Helly sighed. ‘Listen will you? At the time I thought oh, that’s odd, and then I didn’t think anything more. Except later that day he was running round in a big state saying
where was his jacket? Do you remember? He’d had a meeting upstairs and left it and they got Karen to come down; meanwhile he’d gone back up. I thought blimey, two people having a cow in
one day. Two cows. I don’t know where you were but anyway you weren’t around, so I took it off her. As I did, this notebook falls out. Well, it didn’t exactly fall out, it was
sort of poking out the inside pocket, so I had a little look through it, as you do.

‘In the front was a list of the main contractors and their phone numbers, with ticks next to their names, some with three ticks, some four. A couple with asterisks. Then inside,
there’s a page for every job Richard’s been in charge of going way back, and lists of numbers, all in pencil. At the bottom, he’s put a contractor’s name and a question
mark. Then after that, pound signs. Next to one he’s written a list of things, conservatory, wooden floor tiles, garden shed . . . It looked like nothing much. Towards the end there were some
notes on the Ealing refurb job, remember that? Went to Robinson’s eventually, twenty-four grand.’

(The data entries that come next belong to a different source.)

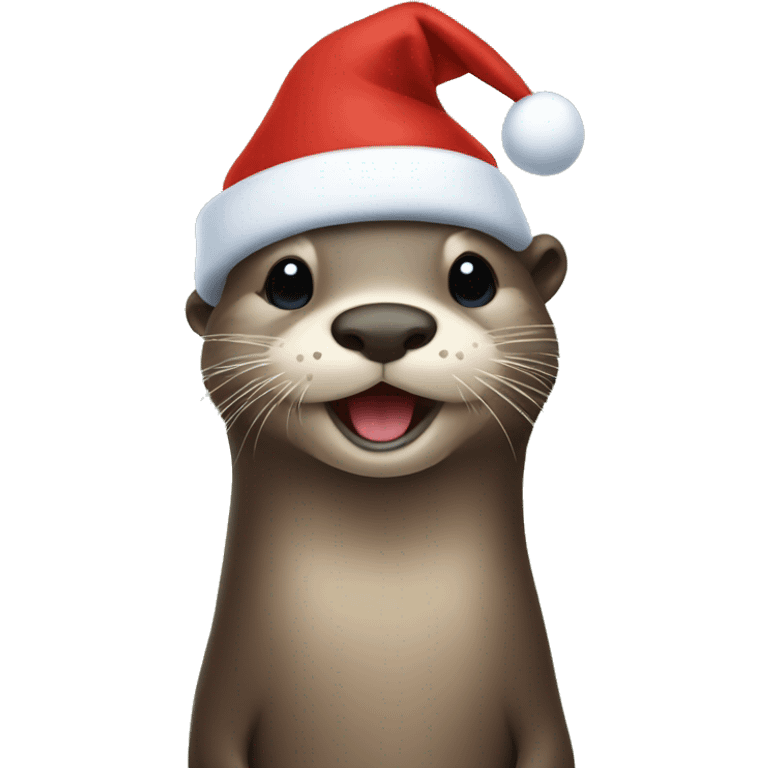 Otter wearing Christmas hat emoji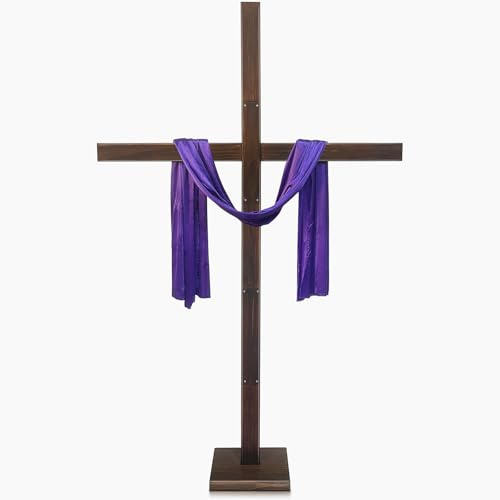 yasuwekik 74 Inch Extra Large Wood Cross for Yard Wooden Jesus Christian Wall Cross Stand Church Cross Decor He Is Risen Outdoor Cross for Easter Christmas Wedding Communion Party Decor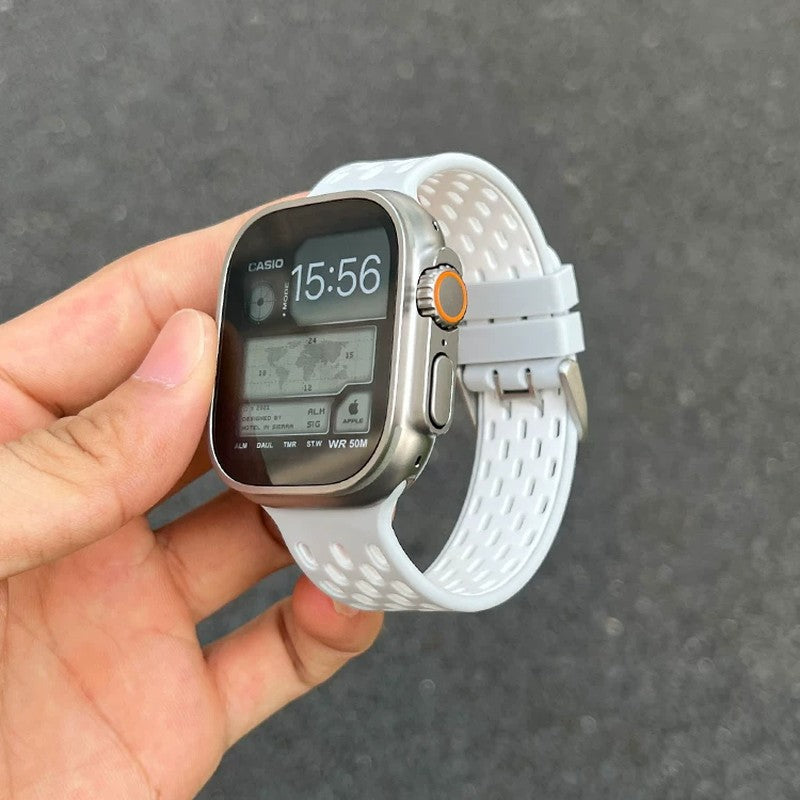 スターライト×ホワイト の シリコン スポーツ Apple Watch バンド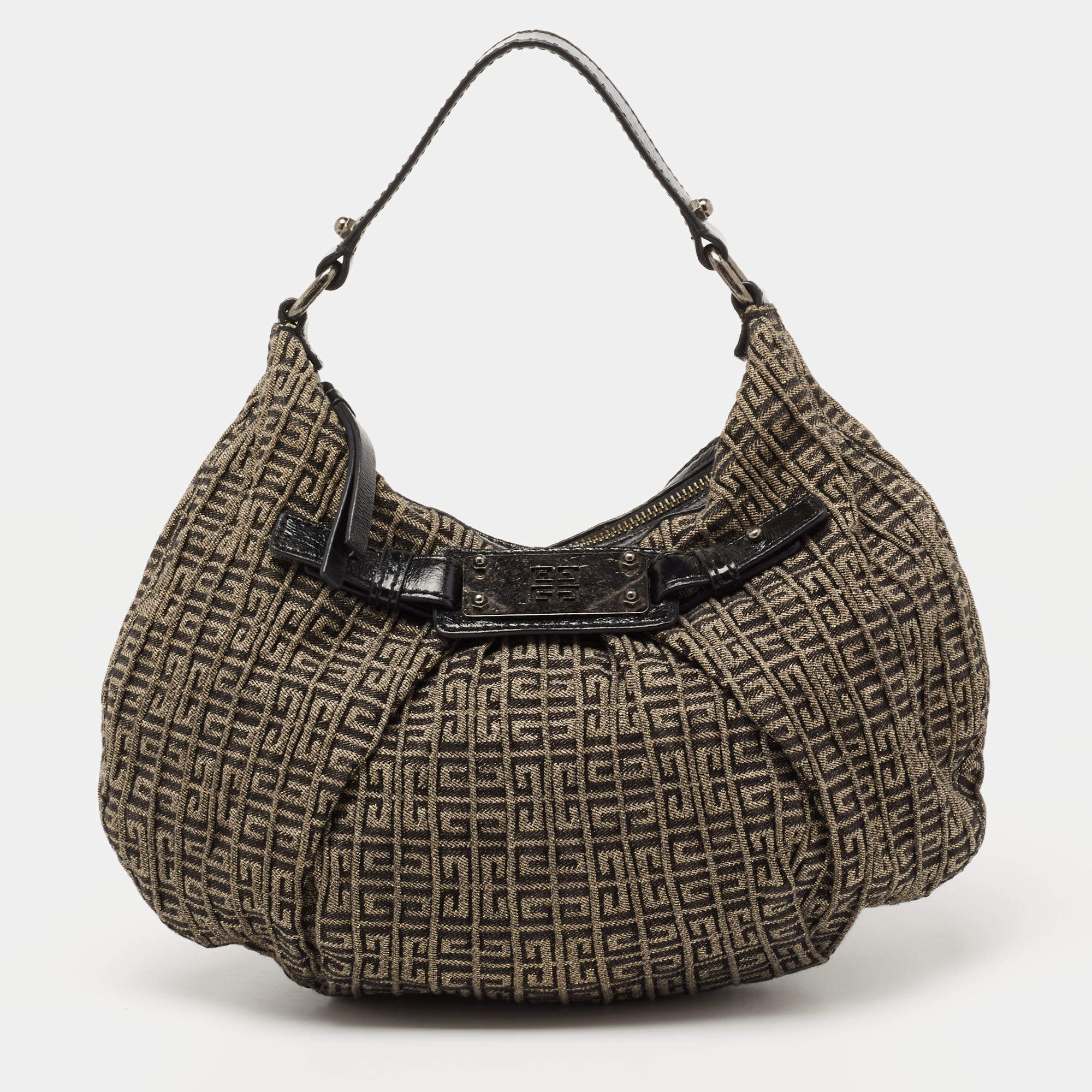 Pre Owned Givenchy Metallic/Black Monogram Canvas And Patent Leather Hobo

Annette frowned. Helly looked at her.

‘When did that job go out?’ she said impatiently.

‘Oh I can’t remember,’ said Annette. ‘End of November?’

‘December second,’ Helly continued. ‘The tenders had to be back by the eighteenth. I checked.’

‘So?’

‘So Richard has a note in his little book of who is going to get the job, and how much, a clear month before the bids come in. What is he, psychic or something?’

Annette got to her feet. She picked up her red mug from where it sat on the carpet and took it into the kitchenette. She filled it with water from the tap and put it down to stand in the washing
up bowl. Then she poured herself a glass of water from the nearby filter jug.

‘How could he be taking bribes without upstairs knowing? That’s what the tender envelopes are for.’

‘It’s easy. Dead easy. Even I could do it. You have to have at least three companies tendering for any contract over ten thousand, right? The bids come in sealed tenders. Except
Richard has the keys to the stationery cupboard, so he has his own supply of envelopes in case he needs to check a tender and then re-seal it. Either that or he has someone inside a company who
tips him off what they’re going to bid. Then he tells the other company to bid under.’